I have an X41 tablet. So far so good. It has done well as a tablet but has forced me to comprimise a bit on the notebook side. Th e comprimise in this case is performance. This problem was fixed with the release of the X60 tablet a few months ago.

The tablet form factor is one which should be more popular than it actually is. In combination with Onenote 2007, I pretty much have an ideal computer for most note taking situations. I cannot tell you how much easier it was to keep track of cross and counter claim action in civ pro by use of diagrams throughout my typewritten notes.

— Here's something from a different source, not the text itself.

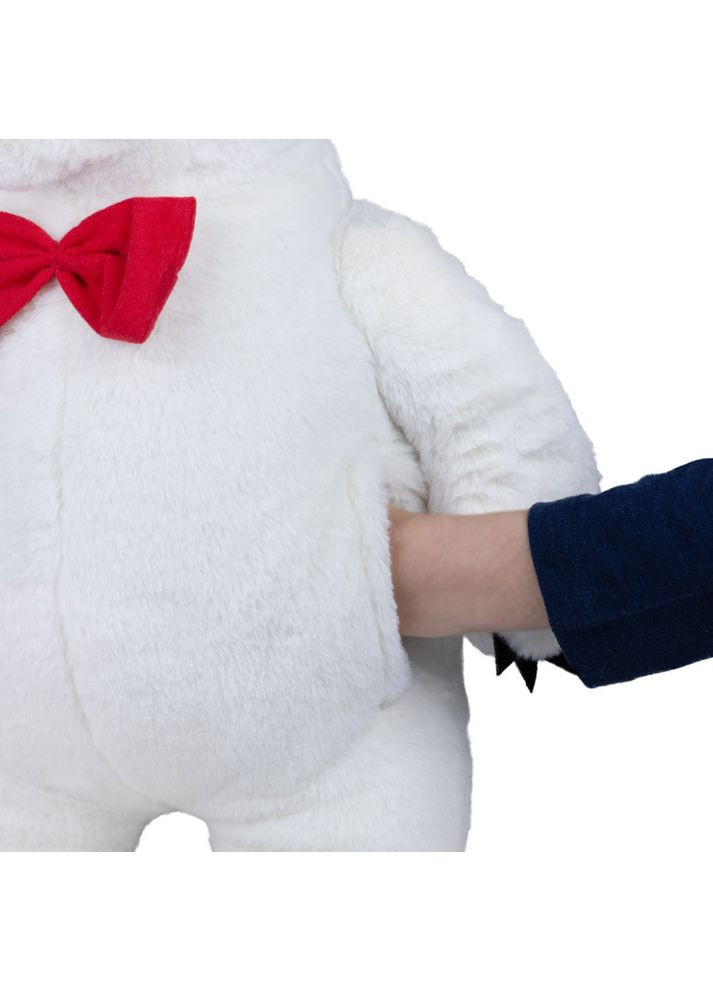 Мягкая игрушка мишка Берри белый с карманами для детей и взрослых игрушка для обнимания ProDobro (366031109)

I most frequently use the pen to edit my notes. Pciking up paragraphs and sentances, moving the around, changing them up - all seem much more intuitive using the pen. Web surfing also seems more natural. If you spring for an X60, you can purchases it with Multitouch technology which allows you to use your finger or pen to point, click, write and move things around.

My caveat purely has to do with the abysmal 4200 RPM drive in the X41. I would reccomond staying away from it. Rather, get an X60 tablet. I really would not recoomend any other Tablet PC becuase most others incur a high weight penalty for the sometimes increased performance. Low weight is what makes the X41?X60 series so nice.


Incoming 1Ls / Re: Microsoft OneNote - yay or nay?
« on: February 11, 2007, 10:37:30 AM »
I have elements flags, case cite flags, "code" flags (for code based classes like civ pro), and question flags to flag questions I need to ask the professor. Then, at the end, I can run a report of all the stuff with elements this semester in, say, property and get all the elements of gifts, or list of all the cases, in the order we used them, and a one line holding of why that case matters. I didn't do it last semester, but I think it might make studying easier.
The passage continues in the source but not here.